### Exercise brief
Write out every line of the material as it stands, apart from the pictures.

### Data provided
--
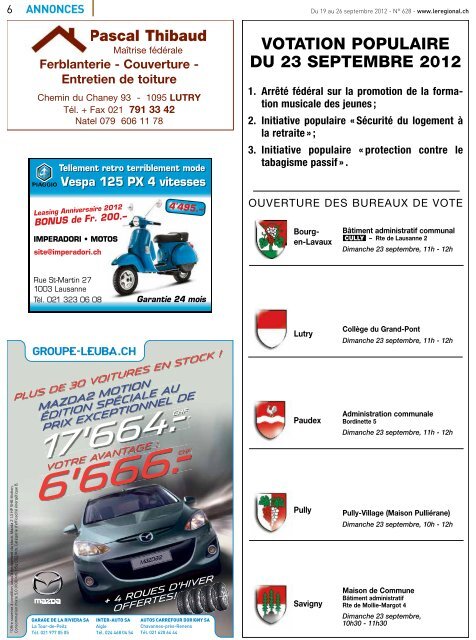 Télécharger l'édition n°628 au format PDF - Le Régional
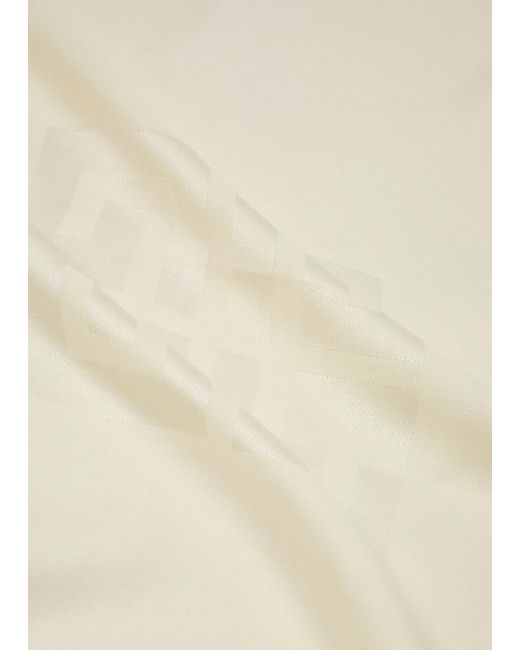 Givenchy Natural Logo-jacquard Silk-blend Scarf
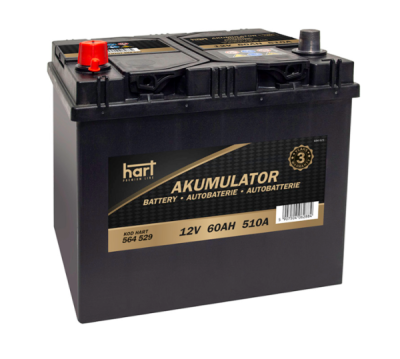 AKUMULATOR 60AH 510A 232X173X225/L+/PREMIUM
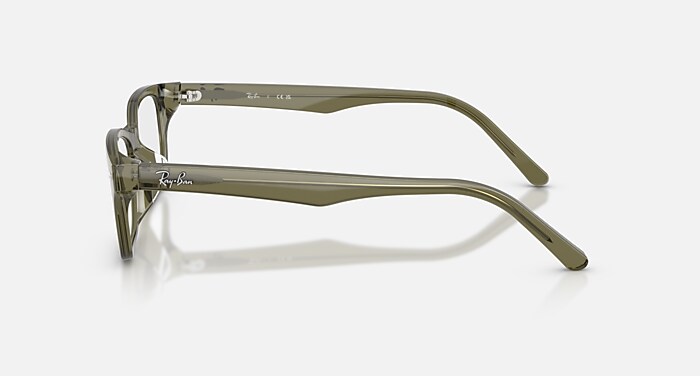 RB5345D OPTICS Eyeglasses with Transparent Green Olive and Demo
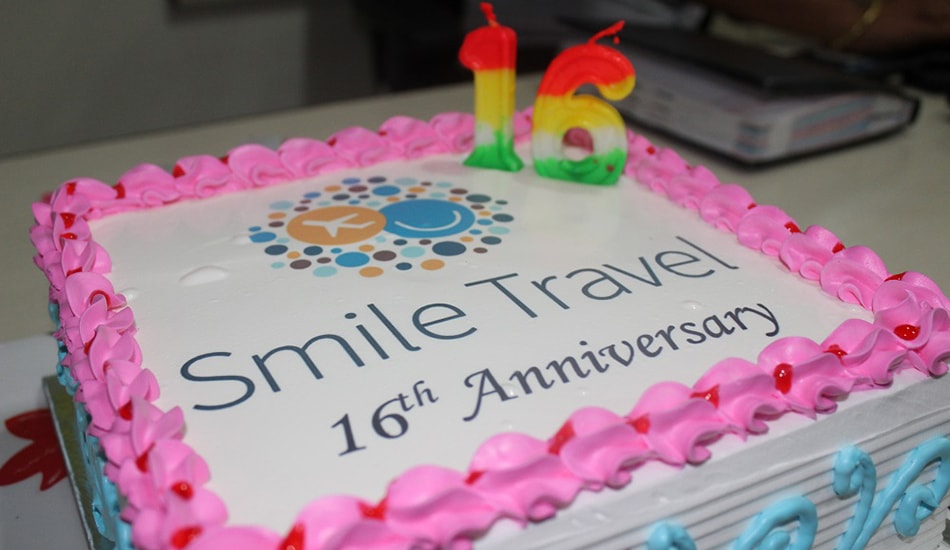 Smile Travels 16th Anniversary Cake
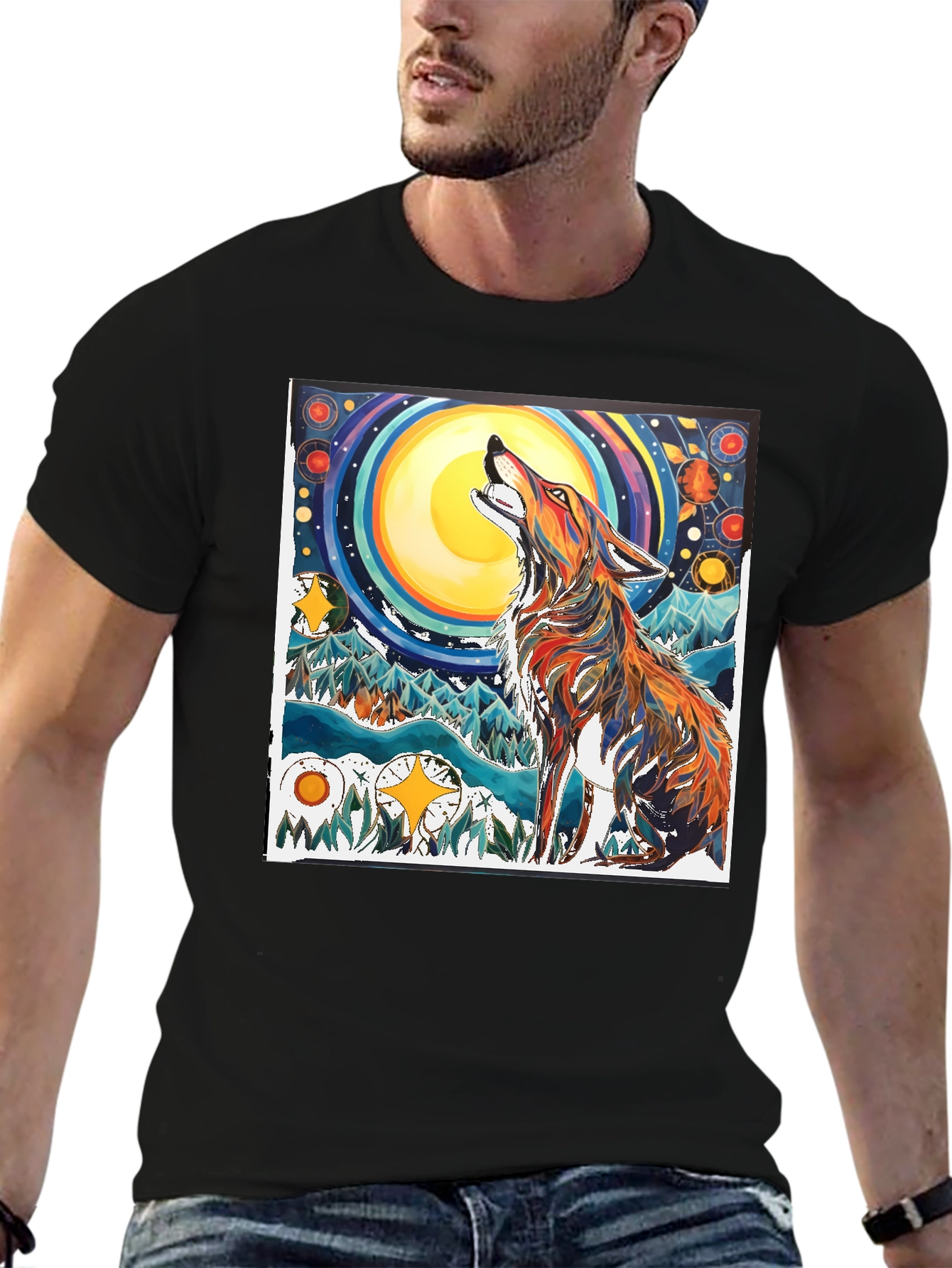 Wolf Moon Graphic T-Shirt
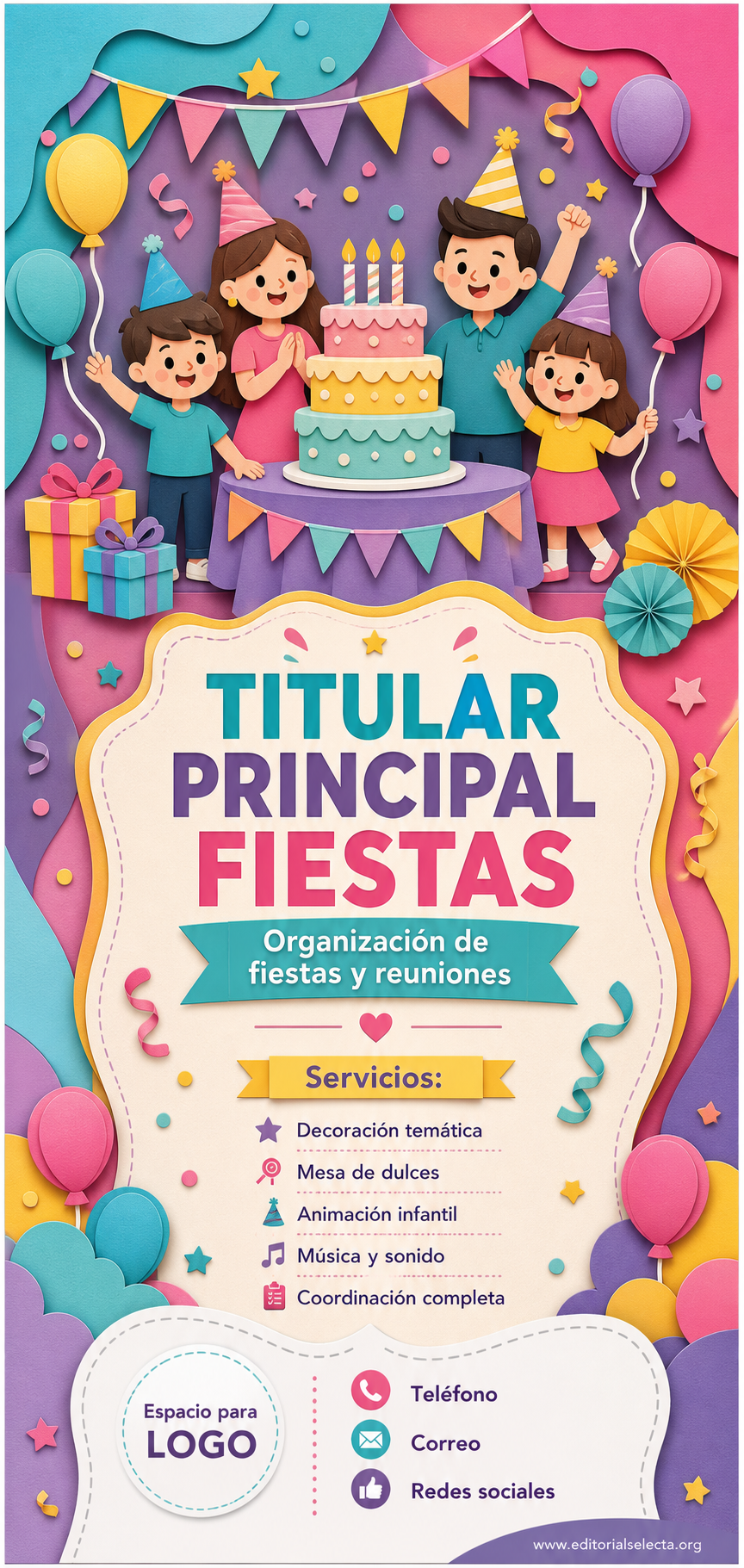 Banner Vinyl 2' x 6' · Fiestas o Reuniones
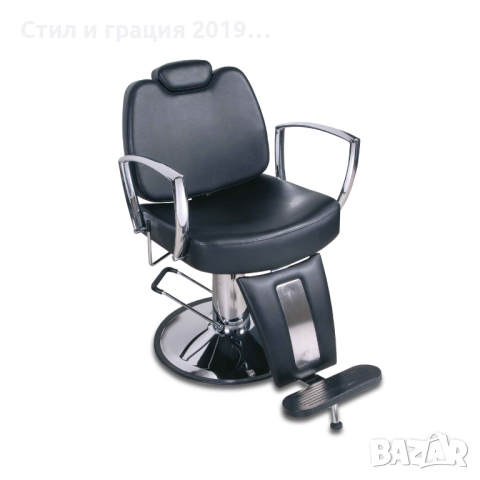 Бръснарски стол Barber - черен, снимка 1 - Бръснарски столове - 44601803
--
### Solved problem
 Télécharger l'édition n°628 au format PDF - Le Régional
 Givenchy Natural Logo-jacquard Silk-blend Scarf
 AKUMULATOR 60AH 510A 232X173X225/L+/PREMIUM
 RB5345D OPTICS Eyeglasses with Transparent Green Olive and Demo
 Smile Travels 16th Anniversary Cake
 Wolf Moon Graphic T-Shirt
 Banner Vinyl 2' x 6' · Fiestas o Reuniones
 Бръснарски стол Barber - черен, снимка 1 - Бръснарски столове - 44601803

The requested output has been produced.